Para melhor compreensão desta questão do “protocolo”, importará referir que:
  1. Para o conjunto das 18 freguesias, os meios financeiros afectos a esta delegação de competências totalizaram, em 2005, o valor de 598.557,49 €;
  2. No caso da Freguesia de Mangualde, como mero exemplo, as competências delegadas foram:
    a) Conservação e limpeza de valetas, bermas e caminhos;
    b) Conservação, calcetamento e limpeza de ruas e passeios;
    c) Gestão e conservação de jardins e outros espaços ajardinados;
    d) Colocação e manutenção da sinalização toponímica;
    e) Gestão, conservação e reparação de equipamentos propriedade do município, designadamente equipamentos culturais e desportivos;
    f) Conservação e reparação de escolas do ensino básico e do ensino pré‑escolar;
    (excluindo-se as reparações estruturais profundas (as que ultrapassem 8% dos montantes atribuídos) que permanecem a cargo do Município, encarregando-se os Serviços Técnicos do acompanhamento e controlo da sua execução)

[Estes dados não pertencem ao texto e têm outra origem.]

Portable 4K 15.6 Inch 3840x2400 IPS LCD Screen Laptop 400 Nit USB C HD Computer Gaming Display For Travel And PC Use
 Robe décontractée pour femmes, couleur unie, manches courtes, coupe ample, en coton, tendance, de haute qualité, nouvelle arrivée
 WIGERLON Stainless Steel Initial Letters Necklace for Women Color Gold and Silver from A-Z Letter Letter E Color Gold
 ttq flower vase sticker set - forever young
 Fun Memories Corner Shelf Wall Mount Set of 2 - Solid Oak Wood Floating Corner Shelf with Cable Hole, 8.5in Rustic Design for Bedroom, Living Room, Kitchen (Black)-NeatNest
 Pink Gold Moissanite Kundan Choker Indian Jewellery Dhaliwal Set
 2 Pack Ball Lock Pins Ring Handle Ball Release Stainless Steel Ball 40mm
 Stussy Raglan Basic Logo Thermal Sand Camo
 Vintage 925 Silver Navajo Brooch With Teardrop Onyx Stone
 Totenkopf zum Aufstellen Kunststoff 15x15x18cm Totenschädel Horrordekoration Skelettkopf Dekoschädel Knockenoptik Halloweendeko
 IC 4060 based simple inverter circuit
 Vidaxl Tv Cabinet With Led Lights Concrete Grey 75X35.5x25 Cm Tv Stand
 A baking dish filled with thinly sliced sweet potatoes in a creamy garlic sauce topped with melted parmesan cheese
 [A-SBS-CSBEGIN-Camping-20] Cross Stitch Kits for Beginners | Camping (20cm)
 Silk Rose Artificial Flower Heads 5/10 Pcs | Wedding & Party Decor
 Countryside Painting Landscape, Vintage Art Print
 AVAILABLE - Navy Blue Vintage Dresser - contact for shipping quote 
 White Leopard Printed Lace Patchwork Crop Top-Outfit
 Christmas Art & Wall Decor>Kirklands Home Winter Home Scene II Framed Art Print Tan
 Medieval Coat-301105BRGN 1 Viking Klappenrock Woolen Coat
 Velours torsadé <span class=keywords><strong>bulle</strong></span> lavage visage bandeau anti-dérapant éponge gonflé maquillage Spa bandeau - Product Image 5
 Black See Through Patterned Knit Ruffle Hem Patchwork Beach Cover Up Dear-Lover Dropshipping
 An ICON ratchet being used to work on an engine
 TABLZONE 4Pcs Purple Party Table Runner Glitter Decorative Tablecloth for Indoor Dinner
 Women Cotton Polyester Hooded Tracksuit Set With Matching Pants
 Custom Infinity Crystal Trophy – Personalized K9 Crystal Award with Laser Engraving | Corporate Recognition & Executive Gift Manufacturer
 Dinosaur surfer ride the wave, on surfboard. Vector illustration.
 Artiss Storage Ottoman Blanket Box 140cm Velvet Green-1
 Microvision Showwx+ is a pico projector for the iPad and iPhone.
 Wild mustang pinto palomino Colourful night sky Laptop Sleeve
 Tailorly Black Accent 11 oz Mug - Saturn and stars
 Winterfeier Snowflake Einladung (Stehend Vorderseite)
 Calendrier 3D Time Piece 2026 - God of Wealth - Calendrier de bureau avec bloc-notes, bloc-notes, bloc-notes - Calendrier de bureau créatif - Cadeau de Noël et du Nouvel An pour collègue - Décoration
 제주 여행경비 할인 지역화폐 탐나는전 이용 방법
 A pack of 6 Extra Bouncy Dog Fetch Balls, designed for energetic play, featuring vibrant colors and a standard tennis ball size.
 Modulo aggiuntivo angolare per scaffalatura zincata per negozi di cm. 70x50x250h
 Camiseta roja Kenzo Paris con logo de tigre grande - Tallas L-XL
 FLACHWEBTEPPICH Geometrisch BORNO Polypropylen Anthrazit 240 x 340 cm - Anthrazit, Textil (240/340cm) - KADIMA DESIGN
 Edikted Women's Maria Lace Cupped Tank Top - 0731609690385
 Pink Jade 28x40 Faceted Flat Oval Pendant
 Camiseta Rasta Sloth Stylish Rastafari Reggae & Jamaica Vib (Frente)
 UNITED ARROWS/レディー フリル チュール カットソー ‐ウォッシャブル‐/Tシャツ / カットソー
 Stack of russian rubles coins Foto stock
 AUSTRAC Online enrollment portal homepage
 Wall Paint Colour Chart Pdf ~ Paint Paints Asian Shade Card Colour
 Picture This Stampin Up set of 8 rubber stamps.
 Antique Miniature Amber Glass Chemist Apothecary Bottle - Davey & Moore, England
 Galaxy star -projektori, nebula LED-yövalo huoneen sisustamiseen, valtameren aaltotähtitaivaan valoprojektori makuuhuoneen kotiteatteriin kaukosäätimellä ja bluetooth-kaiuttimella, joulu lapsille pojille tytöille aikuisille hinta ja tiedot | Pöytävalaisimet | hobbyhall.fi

Importa, agora, precisar o seguinte:

  1. A delegação de competências não é obrigatória;
  2. O protocolo apenas é assinado quando for vantajoso para ambas as partes;
  3. Se uma dada JF decidir não assinar o protocolo, as responsabilidades nele previstas continuarão a ser da CM, a qual, para lhes fazer face, disponibilizará os seus próprios recursos.

Dos subsídios

Independentemente das verbas relativas às competências delegadas, as JF, no exercício das suas atribuições, têm vindo a propor à CM a realização de obras que consideram relevantes para as respectivas populações. Em determinadas circunstâncias, em vez de solicitarem a realização de obras, as JF pedem que lhes sejam atribuídos subsídios que lhes permitam a realização das mesmas. A atribuição destes subsídios é da competência da CM, a qual tem vindo a deliberar “atribuir o subsídio pedido a liquidar logo que possível”.
Acontece que, por dificuldades de tesouraria, o montante de subsídios atribuídos e não pagos às JF atingia, no final de 2005, um montante muito próximo dos 600 mil euros.

Do orçamento

As palavras-chave que nortearam a elaboração do Orçamento de 2006 foram: racionalização, optimização, contenção e equilíbrio financeiro. Nesta lógica, veio a constatar-se que os compromissos em curso e aqueles que, por força de contratos-programa e financiamentos comunitários, serão assumidos durante o ano – nos quais pontifica, de sobremaneira, a “revolução viária” –, não permitiam a inscrição orçamental das verbas necessárias ao pagamento dos subsídios já atribuídos, concomitantemente com as que derivavam da delegação de competências nas JF (1,2 milhões de euros). Em conformidade, foi proposto às JF (1) a redução em 50% das verbas do protocolo, com a correspondente redução das competências a delegar, e (2) o pagamento em dois anos dos subsídios em dívida, o que acabou por ser consensualizado.

Síntese

1 - Continua a haver competências da CM delegadas nas JF, embora menos que no ano anterior;
2 - Os montantes financeiros do protocolo foram diminuídos na exacta medida da redução das competências delegadas;
3 - As competências não delegadas não oneram o orçamento das freguesias, antes sendo da responsabilidade da CM;
4 - Dentro de dois anos os subsídios estarão pagos e as competências a delegar poderão ser revistas;
5 - Tanto quanto julgo saber, apenas uma das 18 JF terá manifestado a intenção de não assinar o respectivo protocolo em 2006.

Conclusão

Não é grave que uma ideia falsa seja difundida por quem está convencido de que ela é verdadeira, já que, descoberto o logro, se retratará. Inaceitável é quando um homem sabe que o que está a dizer é falso e persiste na falsidade.